[AVAILABLE DATA — start]

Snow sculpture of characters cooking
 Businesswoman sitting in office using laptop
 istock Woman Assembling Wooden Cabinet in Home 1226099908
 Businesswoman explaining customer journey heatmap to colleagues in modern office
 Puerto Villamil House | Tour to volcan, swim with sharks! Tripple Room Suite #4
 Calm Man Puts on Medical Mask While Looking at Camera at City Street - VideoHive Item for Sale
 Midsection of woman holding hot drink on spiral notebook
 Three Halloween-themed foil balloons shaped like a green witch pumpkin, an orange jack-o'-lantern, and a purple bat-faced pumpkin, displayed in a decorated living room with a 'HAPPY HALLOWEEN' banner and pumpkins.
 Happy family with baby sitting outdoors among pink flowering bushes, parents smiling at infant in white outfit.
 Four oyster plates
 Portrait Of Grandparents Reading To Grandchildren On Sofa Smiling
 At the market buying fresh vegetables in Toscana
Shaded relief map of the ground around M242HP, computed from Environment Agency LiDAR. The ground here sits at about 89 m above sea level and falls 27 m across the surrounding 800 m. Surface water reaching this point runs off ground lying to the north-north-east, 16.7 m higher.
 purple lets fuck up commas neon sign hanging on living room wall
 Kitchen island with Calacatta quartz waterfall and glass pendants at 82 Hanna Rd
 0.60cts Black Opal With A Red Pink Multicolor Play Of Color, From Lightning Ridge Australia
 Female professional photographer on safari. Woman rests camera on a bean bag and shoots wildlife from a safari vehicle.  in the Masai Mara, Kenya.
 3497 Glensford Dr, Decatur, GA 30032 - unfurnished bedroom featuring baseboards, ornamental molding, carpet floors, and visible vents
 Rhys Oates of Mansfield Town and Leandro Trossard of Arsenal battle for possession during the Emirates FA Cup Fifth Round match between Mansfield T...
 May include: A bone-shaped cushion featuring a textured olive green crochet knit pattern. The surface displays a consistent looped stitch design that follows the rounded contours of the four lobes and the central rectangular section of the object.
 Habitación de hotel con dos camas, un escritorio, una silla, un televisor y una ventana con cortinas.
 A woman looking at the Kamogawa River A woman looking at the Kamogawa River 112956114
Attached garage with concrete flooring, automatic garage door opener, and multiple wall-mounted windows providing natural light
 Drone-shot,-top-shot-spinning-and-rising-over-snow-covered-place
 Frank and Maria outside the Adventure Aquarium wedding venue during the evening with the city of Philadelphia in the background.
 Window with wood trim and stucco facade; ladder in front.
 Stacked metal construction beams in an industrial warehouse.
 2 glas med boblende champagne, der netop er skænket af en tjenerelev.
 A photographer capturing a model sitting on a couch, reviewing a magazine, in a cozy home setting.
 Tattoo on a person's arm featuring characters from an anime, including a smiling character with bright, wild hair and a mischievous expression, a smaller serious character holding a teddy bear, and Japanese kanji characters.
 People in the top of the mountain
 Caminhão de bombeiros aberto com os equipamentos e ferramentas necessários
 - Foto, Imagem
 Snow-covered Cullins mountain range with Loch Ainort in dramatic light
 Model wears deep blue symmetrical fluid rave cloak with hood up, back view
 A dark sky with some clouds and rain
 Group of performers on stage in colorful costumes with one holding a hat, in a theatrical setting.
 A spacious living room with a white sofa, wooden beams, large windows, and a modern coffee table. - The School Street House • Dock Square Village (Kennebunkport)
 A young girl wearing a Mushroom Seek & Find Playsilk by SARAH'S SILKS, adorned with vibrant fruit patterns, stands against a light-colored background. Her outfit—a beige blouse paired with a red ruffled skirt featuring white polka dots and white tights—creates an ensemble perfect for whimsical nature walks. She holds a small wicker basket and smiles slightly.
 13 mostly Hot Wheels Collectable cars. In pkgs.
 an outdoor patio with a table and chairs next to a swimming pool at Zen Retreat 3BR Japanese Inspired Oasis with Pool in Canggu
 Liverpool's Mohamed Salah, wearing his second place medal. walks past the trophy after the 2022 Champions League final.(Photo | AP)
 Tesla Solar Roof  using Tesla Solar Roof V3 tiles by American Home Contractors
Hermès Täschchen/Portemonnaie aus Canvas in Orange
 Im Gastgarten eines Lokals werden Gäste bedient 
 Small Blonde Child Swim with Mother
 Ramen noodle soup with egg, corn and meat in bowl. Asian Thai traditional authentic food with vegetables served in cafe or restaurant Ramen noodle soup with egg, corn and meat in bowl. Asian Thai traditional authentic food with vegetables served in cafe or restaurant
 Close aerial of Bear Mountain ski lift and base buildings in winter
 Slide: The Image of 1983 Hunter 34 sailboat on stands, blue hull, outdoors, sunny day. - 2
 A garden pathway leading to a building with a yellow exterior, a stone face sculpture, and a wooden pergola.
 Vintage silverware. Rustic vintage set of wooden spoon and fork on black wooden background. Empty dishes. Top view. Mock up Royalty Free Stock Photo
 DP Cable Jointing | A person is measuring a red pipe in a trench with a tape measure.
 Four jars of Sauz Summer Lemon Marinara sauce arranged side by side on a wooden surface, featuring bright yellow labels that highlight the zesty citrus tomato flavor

[AVAILABLE DATA — finish]

WHAT IS EXPECTED: Copy exactly the lines from the one with "an outdoor patio" down to the last line of the records above, and leave out everything else.

ANSWER BOX:
 an outdoor patio with a table and chairs next to a swimming pool at Zen Retreat 3BR Japanese Inspired Oasis with Pool in Canggu
 Liverpool's Mohamed Salah, wearing his second place medal. walks past the trophy after the 2022 Champions League final.(Photo | AP)
 Tesla Solar Roof  using Tesla Solar Roof V3 tiles by American Home Contractors
Hermès Täschchen/Portemonnaie aus Canvas in Orange
 Im Gastgarten eines Lokals werden Gäste bedient 
 Small Blonde Child Swim with Mother
 Ramen noodle soup with egg, corn and meat in bowl. Asian Thai traditional authentic food with vegetables served in cafe or restaurant Ramen noodle soup with egg, corn and meat in bowl. Asian Thai traditional authentic food with vegetables served in cafe or restaurant
 Close aerial of Bear Mountain ski lift and base buildings in winter
 Slide: The Image of 1983 Hunter 34 sailboat on stands, blue hull, outdoors, sunny day. - 2
 A garden pathway leading to a building with a yellow exterior, a stone face sculpture, and a wooden pergola.
 Vintage silverware. Rustic vintage set of wooden spoon and fork on black wooden background. Empty dishes. Top view. Mock up Royalty Free Stock Photo
 DP Cable Jointing | A person is measuring a red pipe in a trench with a tape measure.
 Four jars of Sauz Summer Lemon Marinara sauce arranged side by side on a wooden surface, featuring bright yellow labels that highlight the zesty citrus tomato flavor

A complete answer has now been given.